The Congressional Budget Office today projected that the Highway Account of the federal Highway Trust Fund, the source for the federal share of state road construction funds, will be $4.3 billon short of the amount needed to pay for the spending assumed in SAFETEA-LU, by the end of fiscal 2009. This estimate, which corrects a projection issued last week and matches the Bush Administration’s projection issued in July, would require a roughly 40% cut in new federal-aid funds beginning in October 2008, unless Congress changes the law or comes up with additional revenue.

One spending category that showed moderate growth was manufacturing construction, up 0.4% for the month and 8.2% YTD. New indicators from Census and the Institute for Supply Management (ISM) are ambiguous about future demand for manufacturing structures.

On Friday, Census said that new orders from U.S. manufacturers (excluding semiconductor manufacturing) climbed 3.7% in July. But the YTD total was level with the first seven months of 2006. Orders for construction materials and supplies rose 0.8% for the month but fell 2.6% YTD. Orders for construction machinery, an often volatile category, leaped 58% in July but were off 25% YTD. Today, ISM reported that respondents to its monthly survey of manufacturing purchasing executives reported growth in August in new orders and current production, but by the smallest margin in five months. Respondents listed these items that are important to construction as being up in price: aluminum, copper, steel and freight. Nickel, used in making stainless steel, was reported down in price.

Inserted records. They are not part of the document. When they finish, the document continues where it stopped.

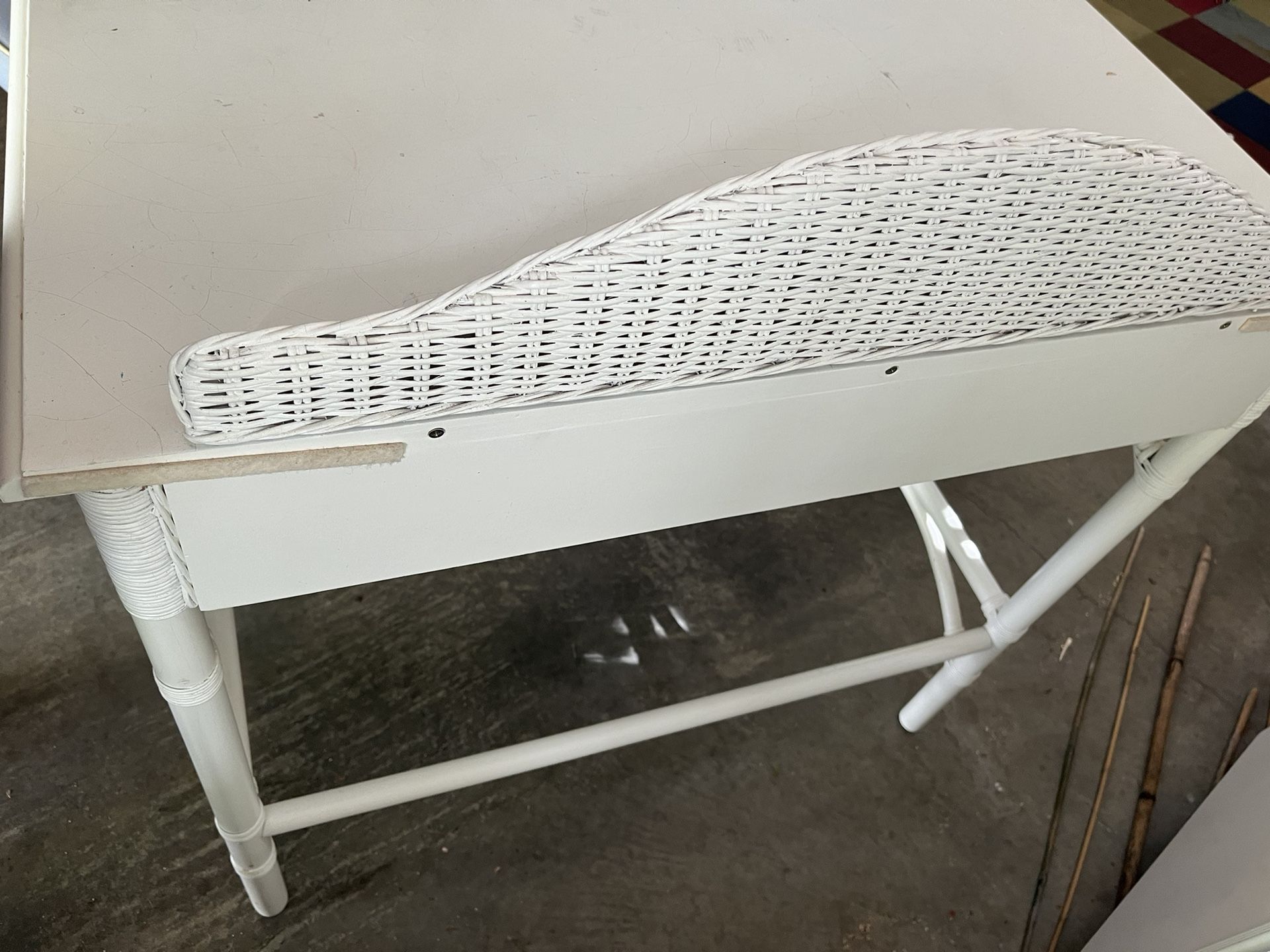 White Small Desk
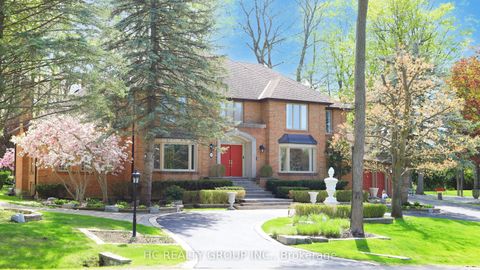 2 Glenridge Drive Markham ON L6C 1A1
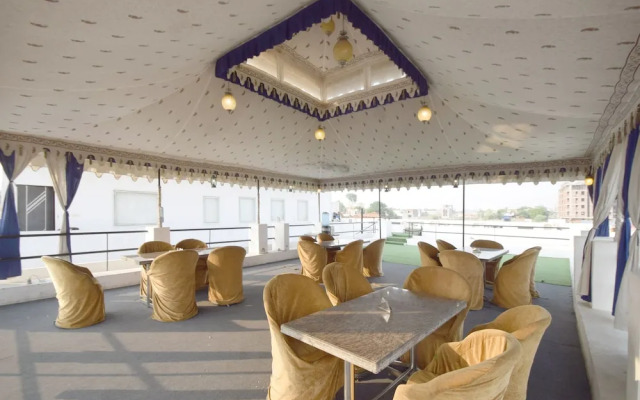 OYO 23196 Hotel Yash Meridion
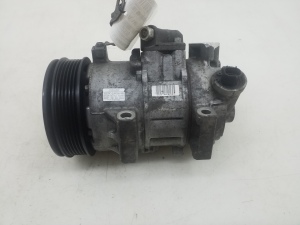  Air conditioner compressor 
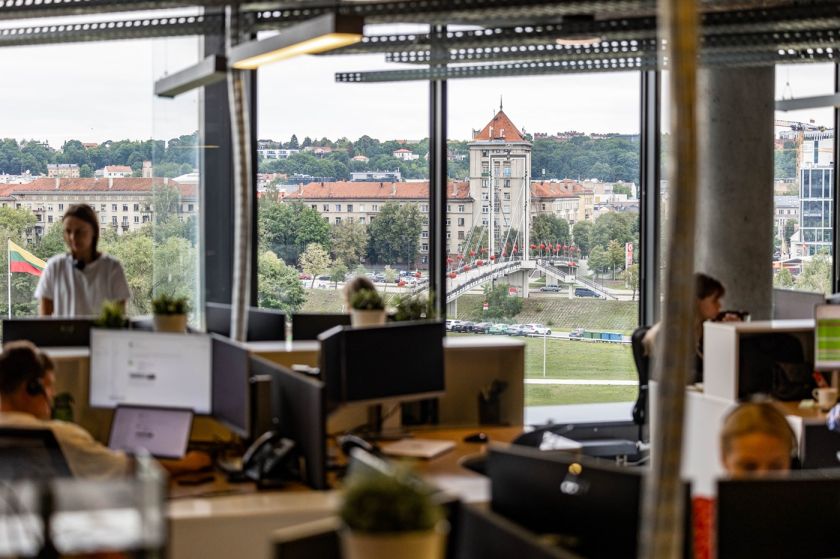 
Sujudimas biurų rinkoje: „Bitė“ Kaune persikraustė į „Žalgirio“ areną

An article in today’s Washington Post calls into question how much electric power plant construction will expand. “A year after the nation appeared to be in the middle of a coal rush, widening alarm about greenhouse gas emissions has slowed the efforts of electric companies to build coal-fired power plants from the hills of eastern Montana to southern Florida [, where applications for two plants were withdrawn or rejected recently.] A combination of rising construction costs, state mandates for the use of renewable energy and lawsuits by environmental organizations have forced many utilities to drop or postpone coal projects this summer. [In Kansas and Colorado] two cooperatives have scaled down [their planned three-plant] project to two units….According to the Edison Electric Institute, the utility industry spent more than $22 billion on electricity generation last year and was expected to spend more this year. That money has, however, been increasingly given to wind and natural gas projects…” Utilities are also spending on transmission lines and retrofits to existing plants.

The rate of house price appreciation slowed to 0.1% in the second quarter and a little more than 3% over the past four quarters, according to calculations by Freddie Mac, released today, and the Office of Federal Housing Enterprise Oversight (OFHEO), on Thursday. Both use a database of 34 million resales and refinances of houses involving loans guaranteed by Freddie Mac or Fannie Mae (“conventional, conforming” loans), which omits less-than-prime and “jumbo” loans. Freddie Mac said house values rose 0.4%. OFHEO said four-quarter appreciation was highest in Utah, 15%; Wyoming, 13%; Washington, Montana and New Mexico, 9%; and slowest in Rhode Island, Massachusetts, California, Michigan and Nevada, all -1%.